## Problem details
Write out again the lines from the line with "Now inside we" up to and including the line with "Hi, I'm Johnny", exactly as they stand below, and skip any picture.

(Stored data entries)
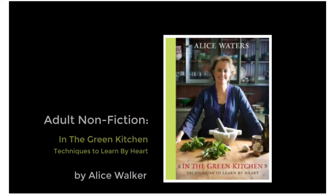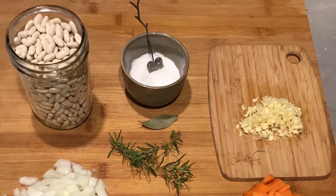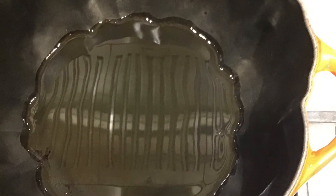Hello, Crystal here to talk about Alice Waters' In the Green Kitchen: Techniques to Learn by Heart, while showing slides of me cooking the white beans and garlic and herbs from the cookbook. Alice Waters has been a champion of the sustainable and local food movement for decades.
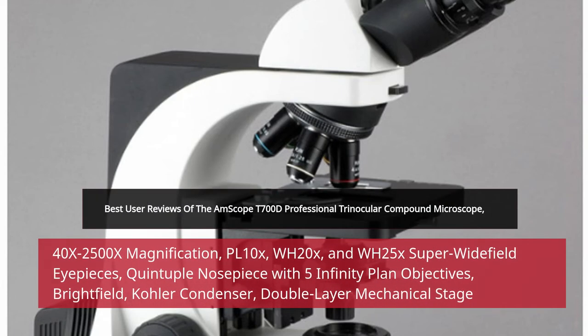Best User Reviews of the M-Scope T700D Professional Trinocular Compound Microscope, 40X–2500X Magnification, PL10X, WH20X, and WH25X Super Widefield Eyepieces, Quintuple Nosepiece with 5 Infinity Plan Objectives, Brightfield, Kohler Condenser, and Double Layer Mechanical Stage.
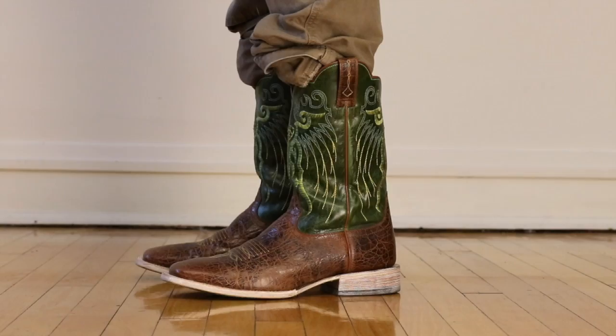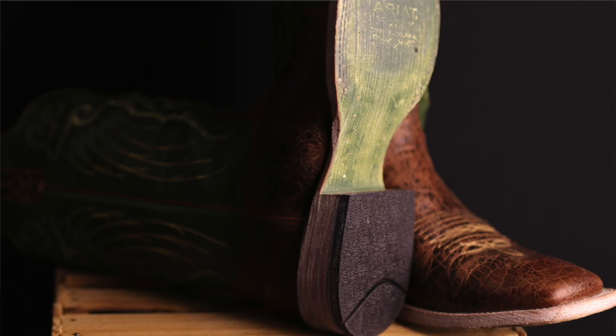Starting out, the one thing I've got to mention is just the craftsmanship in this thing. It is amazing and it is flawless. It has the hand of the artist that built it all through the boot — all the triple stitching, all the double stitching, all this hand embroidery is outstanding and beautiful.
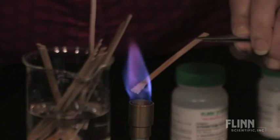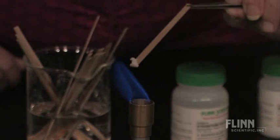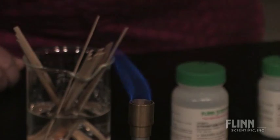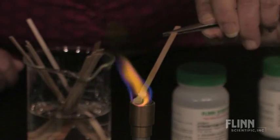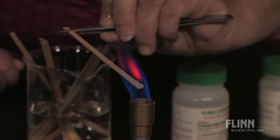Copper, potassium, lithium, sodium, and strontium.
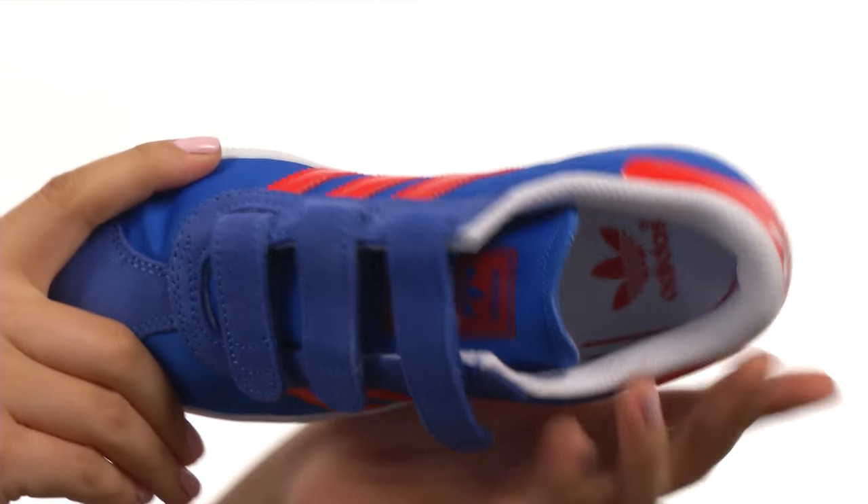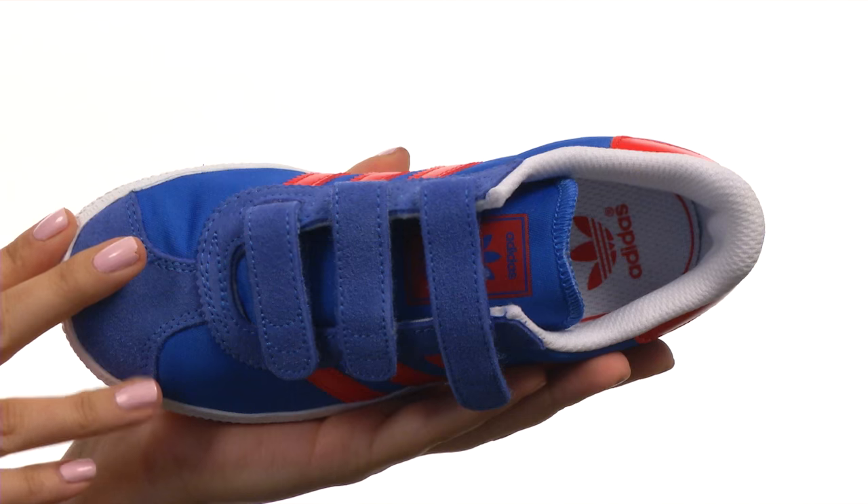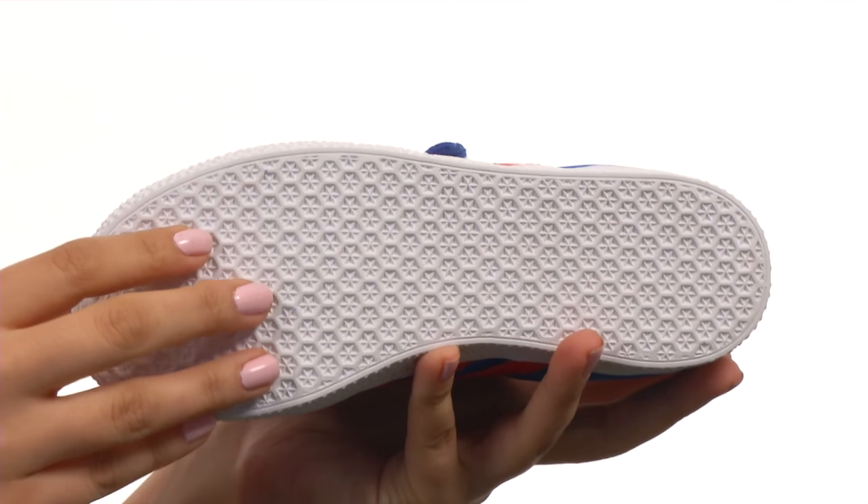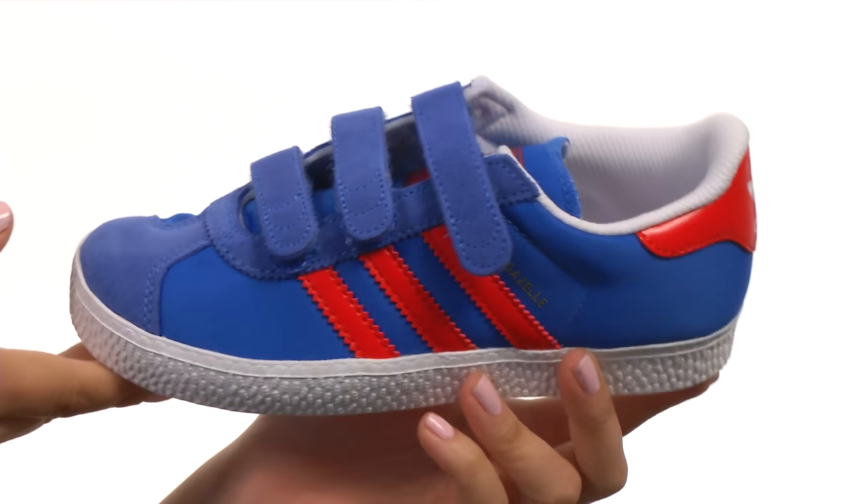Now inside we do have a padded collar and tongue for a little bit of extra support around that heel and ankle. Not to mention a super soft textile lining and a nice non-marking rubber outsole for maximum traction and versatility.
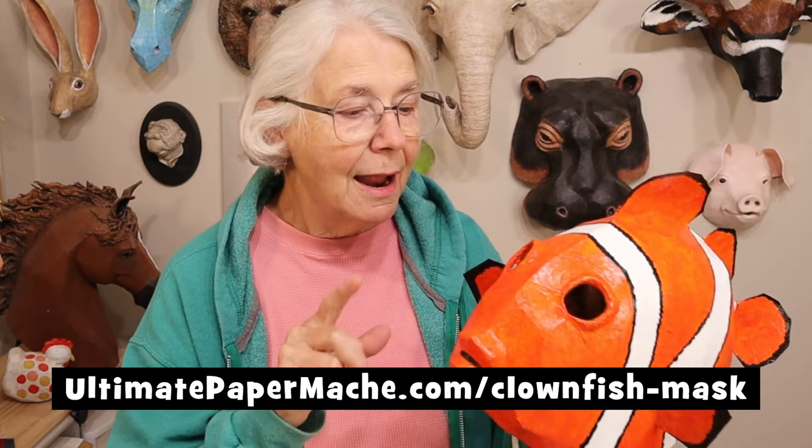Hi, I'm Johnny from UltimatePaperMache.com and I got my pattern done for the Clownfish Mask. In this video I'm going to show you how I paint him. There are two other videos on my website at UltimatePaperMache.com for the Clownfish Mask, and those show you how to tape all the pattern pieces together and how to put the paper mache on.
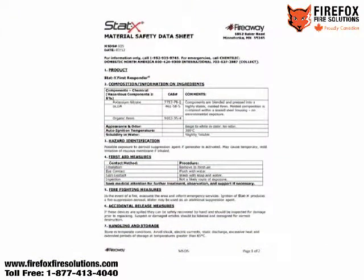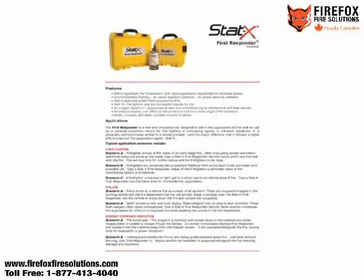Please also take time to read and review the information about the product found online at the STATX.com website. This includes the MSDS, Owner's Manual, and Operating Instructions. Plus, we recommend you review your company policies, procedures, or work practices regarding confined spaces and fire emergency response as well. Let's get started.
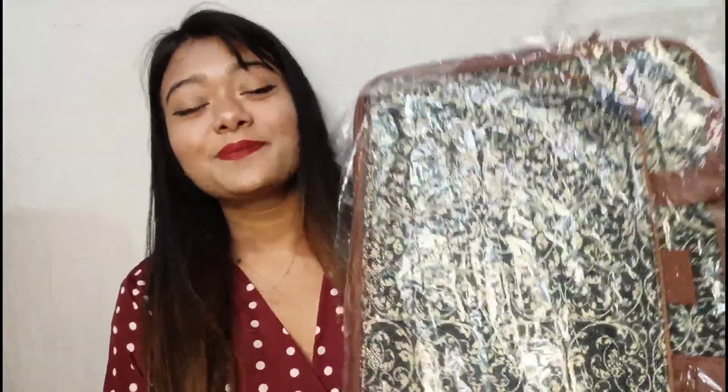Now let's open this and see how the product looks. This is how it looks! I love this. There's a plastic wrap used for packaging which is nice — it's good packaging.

## Answer for this exercise
Now inside we do have a padded collar and tongue for a little bit of extra support around that heel and ankle. Not to mention a super soft textile lining and a nice non-marking rubber outsole for maximum traction and versatility.
Hi, I'm Johnny from UltimatePaperMache.com and I got my pattern done for the Clownfish Mask. In this video I'm going to show you how I paint him. There are two other videos on my website at UltimatePaperMache.com for the Clownfish Mask, and those show you how to tape all the pattern pieces together and how to put the paper mache on.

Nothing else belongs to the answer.